My best things have to be..... My "Naf Wound Cream" this stuff is birlliant!!!! Everytime Star cuts her self I put this on and she has not scarred once and it heals really quick! One application of it after cleaning the wound then I just leave it to do its job! :thumbup:
LOVE the Naf products, Also the Detangler is brilliant! Would recommend all their products :thumbup:


----------



## lil muppet (Apr 4, 2008)

Melx said:


> My best things have to be..... My "Naf Wound Cream" this stuff is birlliant!!!! Everytime Star cuts her self I put this on and she has not scarred once and it heals really quick! One application of it after cleaning the wound then I just leave it to do its job! :thumbup:
> LOVE the Naf products, Also the Detangler is brilliant!

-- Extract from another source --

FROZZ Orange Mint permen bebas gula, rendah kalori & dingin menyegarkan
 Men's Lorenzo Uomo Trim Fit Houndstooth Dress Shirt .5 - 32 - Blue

Would recommend all their products :thumbup:


yep agree with this and also my western saddle :thumbup:


----------



## JJAK (May 28, 2010)

Mine would have to be....

hmmmm, good question. 

Ill go with my prestige close contact jumping saddle. 

It seems to fit everything!
its been through the mill a kazillion and 1 times, 
its been bitten, dropped, on a horse thats rolled and it is still 100% alive an kicking. 
I have it checked every year and apparently its as good as new despite its few bumps


----------



## Kao (Oct 12, 2010)

My Stella Drytex treeless saddle.
Best thing I ever bought for myself


----------



## candle515 (Sep 7, 2010)

oooh so much competition!!

If I have to chose one would say Mark Todd Gisborne jodhpurs from Equestrian Outfitters as they are the only ones I've found that actually flatter my figure and make me look like I have an ass!


----------



## JJAK (May 28, 2010)

Iv had a re think and im also going to go with 'sudocreme'

It is a god send, solves everything wether it be mud fever/lumps/bumps/cuts etc....works for everything LOL


----------